La magie associant réalisation de soi et impact est heureusement plus complexe et surprenante que ce parcours simplifié. D’autant plus que nul ne peut emprunter les pas d’un autre, disait souvent mon premier maître.
Vaste tribu des entreprenant.e.s
Vous trouverez dans ce grimoire mon témoignage en préface. Quoi de mieux qu’un récit de vie pour savoir d’où parle l’auteur, comprendre la genèse de son approche et de sa légitimité ? Vous trouverez aussi les témoignages d’entreprenant.e.s inspirant.e.s, dont les prénoms et éléments d’identification ont été modifiés pour préserver l’anonymat. Ces histoires de vie sont parfois spectaculaires et forgées dans la douleur. Elles ne sont pourtant pas la généralité et ne doivent pas intimider. Ces histoires vraies sont des invitations à ce que chacun donne des accents de légende à son récit vie : toute expérience humaine peut être convertie en enseignements inspirants.

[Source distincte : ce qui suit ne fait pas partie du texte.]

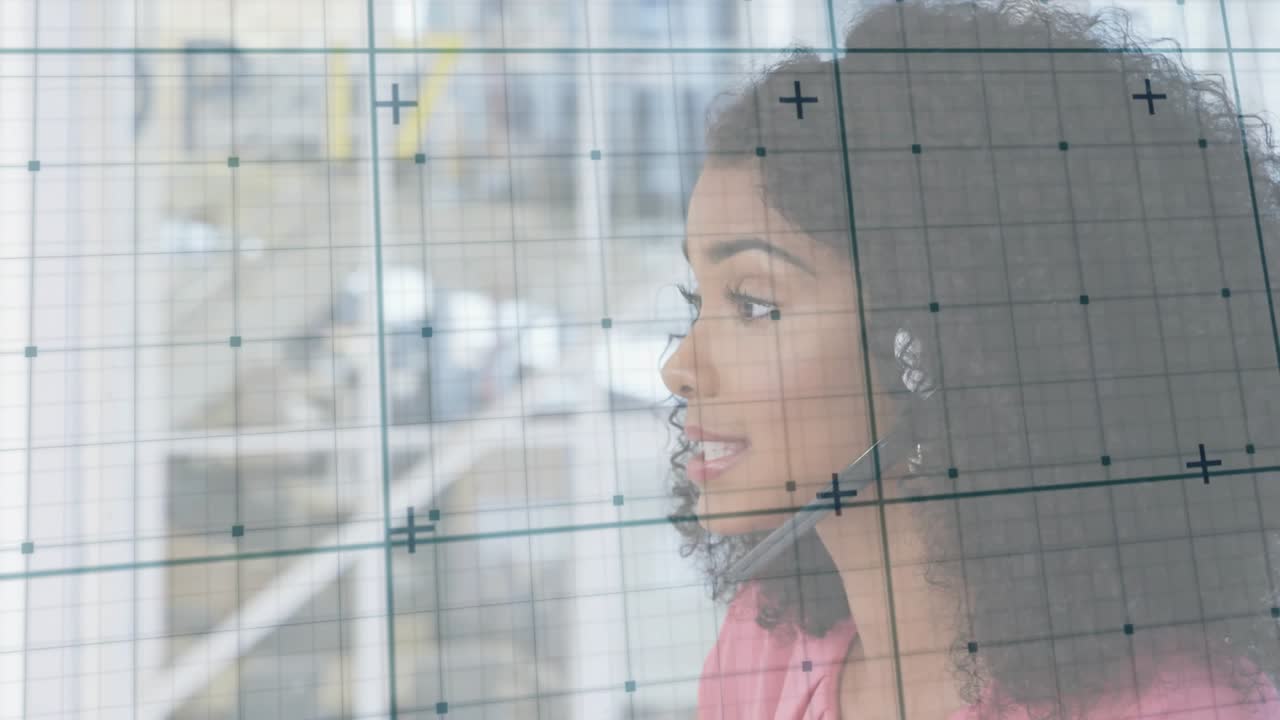Call center agent receiving call, listening then speaking while adjusting headset behind glass grid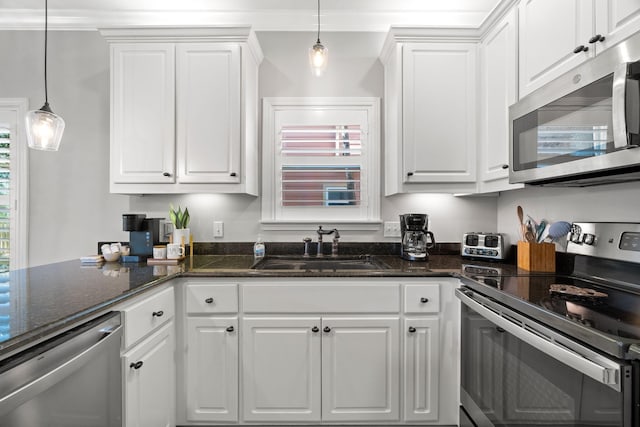 kitchen featuring stainless steel appliances, a sink, white cabinets, and hanging light fixtures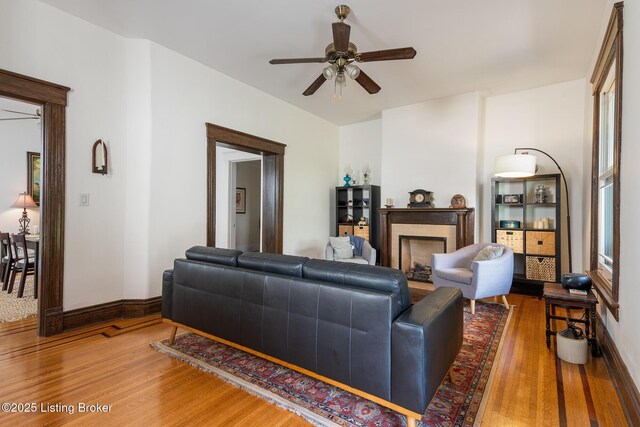 2023 Alta Ave, Louisville, KY 40205 - living area with wood finished floors, ceiling fan, a brick fireplace, and baseboards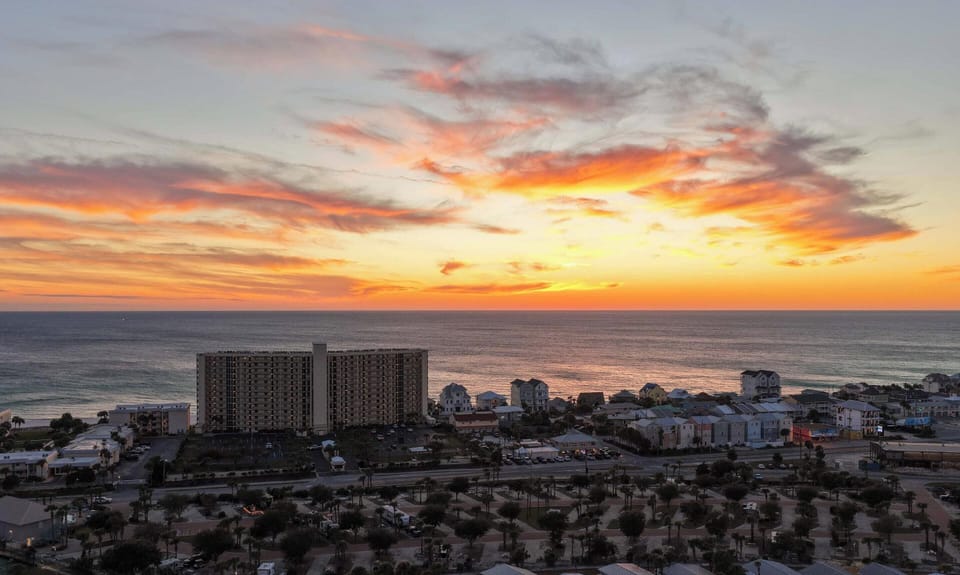The Gulf Coast lights up in orange and pink — another perfect Panama City Beach sunset from The Commodore.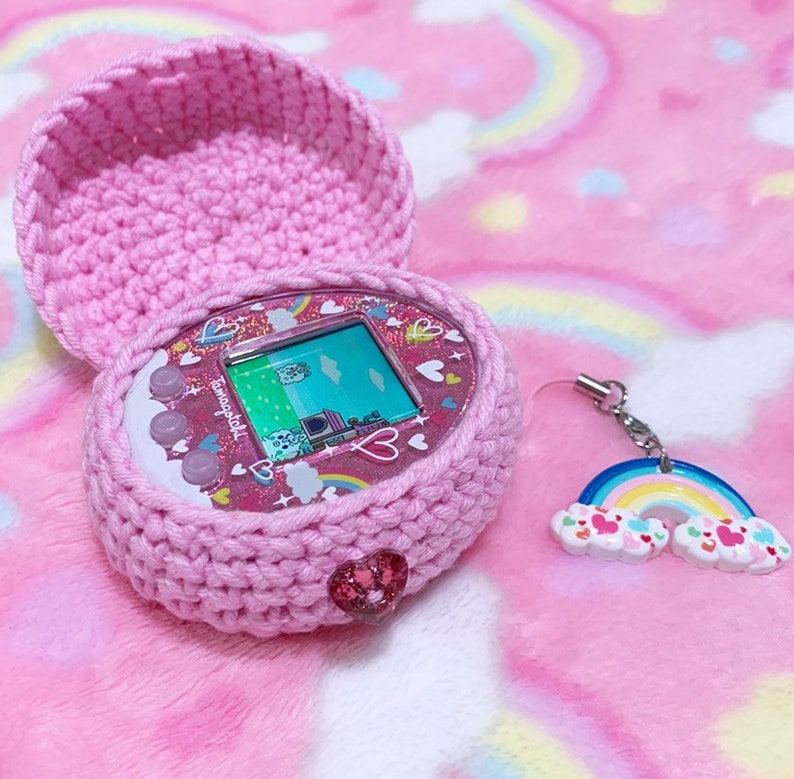 Pode incluir: Uma capa de croch&ecirc; rosa com um Tamagotchi rosa e branco dentro. O Tamagotchi tem um design de arco-&iacute;ris e cora&ccedil;&otilde;es. Um amuleto de arco-&iacute;ris rosa e branco est&aacute; preso &agrave; capa.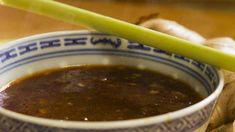 a blue and white bowl filled with soup next to sliced ginger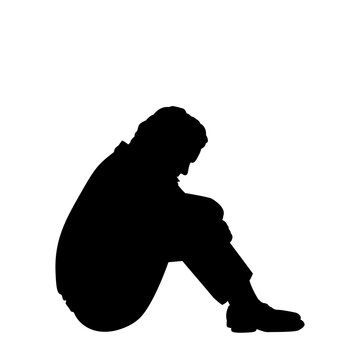 Silhouette of pensive man sitting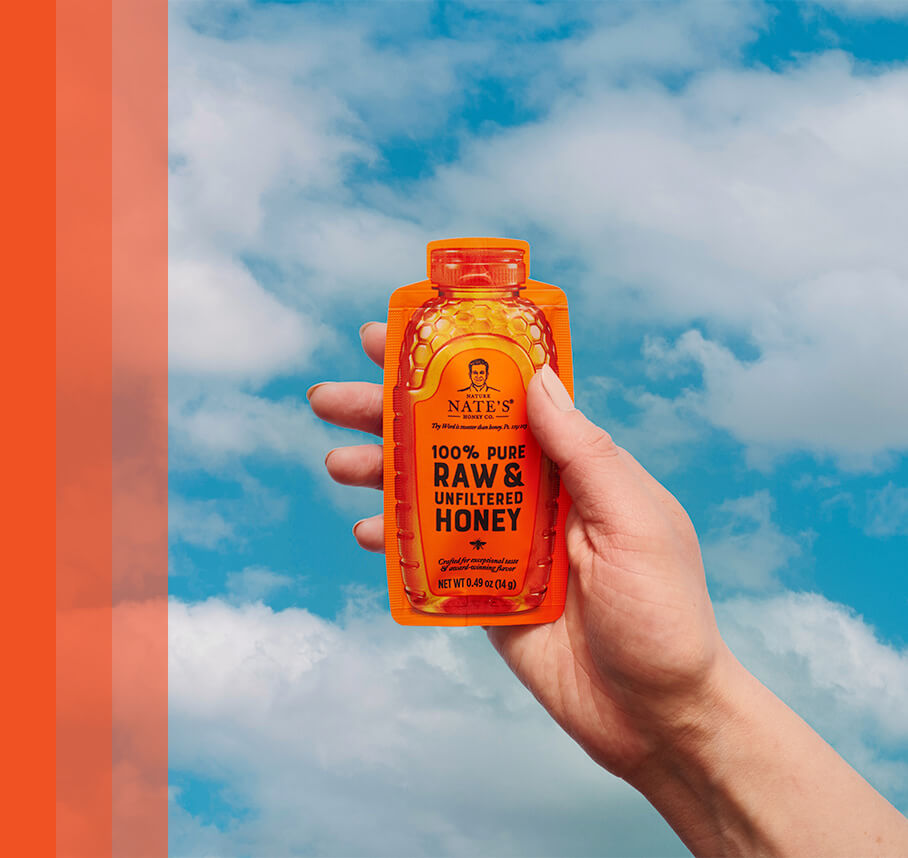 Hand holding Nate's honey mini with a cloudy sky in the background.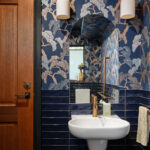 Boutique bathroom with navy feature tiles and floral wallpaper at Maleny Country Estate House, Sunshine Coast Hinterland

Avec ce blog, je vous propose un manuel de développement personnel à la française : que j'espère élégant et consistant. Il est le fruit de 15 années de recherches validées par de l’intelligence collective d’un groupe de travail pluridisciplinaire, et par des coachs ayant réalisé plusieurs centaines d’analyses des forces-fragilités d’entrepreneur.e.s et autant de prestations de coaching d’entreprenant.e.s.

La découverte de l’entreprenance est le fruit de mes recherches sur les entrepreneur.e.s, d’abord seul, puis chez Axa Investment Managers (Axa IM) et enfin au sein de groupe de travail Finance for Entrepreneurs.[2] L’entrepreneur.e permet un effet de loupe, de zoom, sur l’entreprenance. En revanche, le chef d’entreprise ne doit pas devenir un idéal intimidant. L’entreprenance est le grand sujet de ce livre, au-delà de l’entrepreneuriat.
Une meilleure compréhension de l’entreprenance peut être utile dans les grandes entreprises pour faire un retour aux sources. Elle peut donner de la force à tous les entreprenant.e.s et créateurs d’entreprises, spécialement celles et ceux qui se sentent atypiques. Mais qui ne l’est pas ? Enfin, les chef.fe.s d’entreprises confirmé.e.s pourraient y trouver un second souffle, pour un nouveau départ.
- « Est-ce que j’ai raison d’avoir envie de faire ce que j’ai envie de faire ? »
Ma réponse est donc définitivement oui, chacun doit pouvoir créer le « job de ses rêves et la vie qui va avec.[3] » J’écris pour les entreprenant.e.s de tous âges, de tous milieux : salariés, chefs d’entreprises, agriculteurs, artisans, artistes, travailleurs indépendants, manageurs, fonctionnaires, bénévoles, étudiants, etc. J’écris pour celles et ceux qui veulent grandir sans se trahir.
[1] L’écriture inclusive du féminin est utilisée de façon occasionnelle pour ne pas freiner la lecture.
[2] Axa IM est la filiale de gestion d’actifs d’Axa. Finance for Entrepreneurs, « mettre la finance au service des entrepreneurs » est un projet d’intelligence collective et une association à but non-lucratif dont je suis le dirigeant cofondateur depuis 2008.
[3] Titre du livre d’Alexis Botaya et Corentin Orsini.